Hermes Auxiliary Models

Summary

The Hermes Auxiliary Model system is a configuration framework that allows the Hermes Agent to offload specialized side tasks—such as image analysis, web summarization, and session searching—to lightweight or task-specific LLMs. By default, these tasks utilize Gemini Flash via auto-detection, but they can be granularly routed to various providers including OpenRouter, Codex, or local OpenAI-compatible endpoints.

Details

The Hermes Agent distinguishes between its primary reasoning model and “Auxiliary Models” used for background or specialized operations. This separation ensures that high-latency or high-cost models are not wasted on simple tasks like summarizing a URL or analyzing a screenshot, while also allowing for multimodal capabilities (Vision) even if the main chat model is text-only.

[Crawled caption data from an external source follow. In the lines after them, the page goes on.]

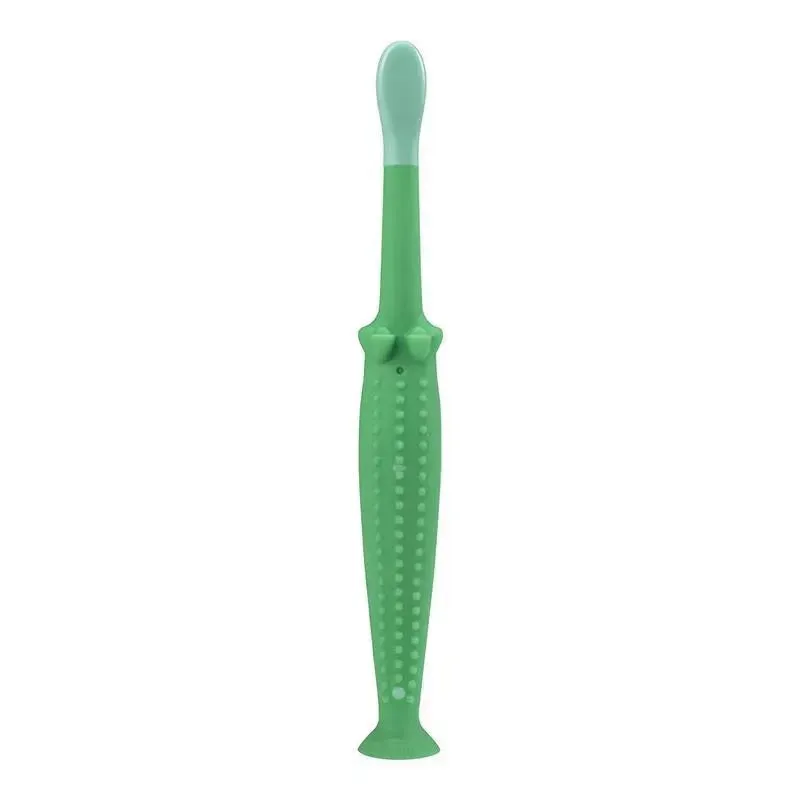 Dr. Brown's Toddler Toothbrush, Crocodile - Image 2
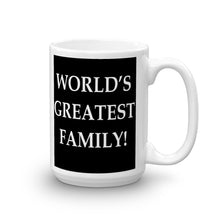 World's Greatest Family Mug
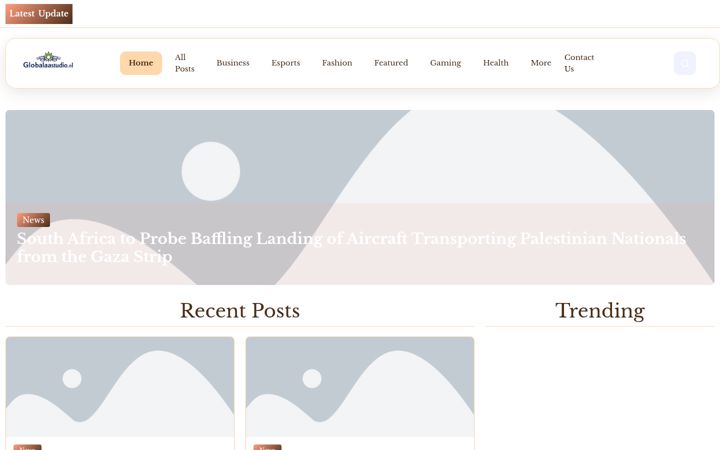 Screenshot of globalarenastudio.nl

Universal Configuration Pattern

Every auxiliary model slot in the Hermes configuration follows a standardized “three-knob” pattern:

  1. provider: Determines the authentication and routing logic. Defaults to "auto".
  2. model: Specifies the exact model string to request. If left blank, Hermes uses the provider’s default for that specific task.
  3. base_url: A custom OpenAI-compatible endpoint. When this is set, it takes precedence over the provider setting, allowing Hermes to point to local LLMs (e.g., via Ollama or vLLM) or specific proxy services.

Supported Task Slots

The system defines several specific slots under the auxiliary configuration block, each with its own timeout settings:

  • vision: Used for image and screenshot analysis. Defaults to a 30s timeout. It is often configured to use Gemini Flash or GPT-4o.
  • web_extract: Handles web page summarization and content extraction. (30s timeout).
  • approval: A specialized slot for internal agentic gates or confirmation logic. (30s timeout).
  • compression: Manages context window compression. This slot has a significantly higher default timeout of 120s to account for processing large amounts of text.
  • session_search: Powers the agent’s ability to query historical conversation data. (30s timeout).
  • skills_hub: Manages the retrieval and indexing of agent tools and capabilities. (30s timeout).
  • mcp: Handles interactions with the Model Context Protocol servers. (30s timeout).
  • flush_memories: Used during the process of committing short-term observations to long-term storage in the knowledge graph. (30s timeout).

Providers and Authentication

Hermes supports a wide array of providers for these tasks:

  • auto: The default setting which attempts to select the best available model based on the environment.
  • openrouter: Routes requests through OpenRouter; requires an OPENROUTER_API_KEY.
  • nous: Uses the Nous Portal, authenticated via hermes login.
  • codex: Utilizes Codex OAuth (ChatGPT Plus/Pro accounts). If Codex is the main provider, vision tasks are routed here automatically.
  • main: Forces the auxiliary task to use the same endpoint and credentials as the primary chat model.

Configuration Examples

Users can configure these models via config.yaml or environment variables. The YAML configuration is preferred for its support of timeouts and specific task overrides.

Example: Overriding Vision to use a local model

auxiliary:
  vision:
    base_url: "http://localhost:1234/v1"
    api_key: "local-key"
    model: "qwen2.5-vl"

Example: Using OpenRouter for Web Extraction

auxiliary:
  web_extract:
    provider: "openrouter"
    model: "google/gemini-flash-1.5"

For legacy support or quick overrides, environment variables such as AUXILIARY_VISION_MODEL or AUXILIARY_WEB_EXTRACT_PROVIDER can be used, though they do not support the full range of timeout configurations available in the YAML schema.